Recensione – Pokémon Mystery Dungeon: I portali sull’Infinito

Dungeon Crawler al gusto senza gusto light

Ah, i Pokémon.

Nato nel 1996 da una brillante intuizione di Satoshi Sajiri, il mondo dei Pokémon offre la possibilità di sperimentare, in forma digitale, il piacere di provare uno dei passatempi più diffusi in Giappone, ovvero il collezionismo di insetti.

Ora, se correre a destra e a manca per prati armati di retino, pazienza e occhio di falco avrebbe potuto non essere divertente; il colpo di genio del buon Sajiri risiedette nel mescolare la formula del collezionismo a quella del Kumo Gassen (il popolarissimo sport del combattimento tra ragni) e di ambientarla in un mondo fantasy dove ragni e insetti  vengono sostituiti da animali di ogni forma e dimensione. Indossati i panni del protagonista della storia, quindi al giocatore viene affidato il compito di setacciare in lungo e in largo il mondo di gioco nel tentativo di catturare tutte le varie specie di mostriciattoli, per addestrarli al combattimento con lo scopo di dimostrasi come il miglior allenatore di Pokémon del mondo. Vengono così prodotti Pokémon Verde e Pokémon Rosso per GameBoy ed, inutile dirlo, entrambi i titoli furono un successo di incredibile portata.

Evoluzione della specie

Tale fu il successo di entrambe le versioni di Pokémon che Nintendo vide bene di trasformare il franchise in una vera e propria macchina da soldi cross-mediale, producendo anime, manga e film d’animazione che  avevano lo scopo di introdurre sempre nuove specie di bestioline, che immancabilmente sarebbero state disponibili nei capitoli successivi del videogame.

Chiudendo Wikipedia, posso finalmente confessarvi la mia quasi totale ignoranza riguardo al mondo dei Pokémon; in tutta la mia vita da gamer e non, sono rimasto più o meno estraneo e distaccato dall’universo creato da Sajiri, eccezion fatta che per tre distinte occasioni.

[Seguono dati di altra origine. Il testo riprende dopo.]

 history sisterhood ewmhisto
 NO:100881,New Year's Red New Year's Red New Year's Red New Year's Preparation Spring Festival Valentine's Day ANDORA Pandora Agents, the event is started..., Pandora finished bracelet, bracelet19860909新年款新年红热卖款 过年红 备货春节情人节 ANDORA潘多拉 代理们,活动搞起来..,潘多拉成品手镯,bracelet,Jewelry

La prima fu quando ascoltai la notizia, data per radio, di un anime giapponese che aveva spedito qualche migliaio di bambini all’ospedale con le convulsioni, a causa di uno spezzone pieno di effetti speciali low-budget; la seconda fu durante un seminario all’università, in cui il relatore parlando di adattamenti televisivi verso la lingua italiana prese ad esempio il nome che veniva dato ai vari Pokémon nella versione occidentale dell’anime (se volete possiamo parlarne); la terza, infine, è Pokémon Mystery Dungeon: I Portali sull’Infinito e,devo dire la verità, i mostriciattoli tascabili non ne escono affatto bene.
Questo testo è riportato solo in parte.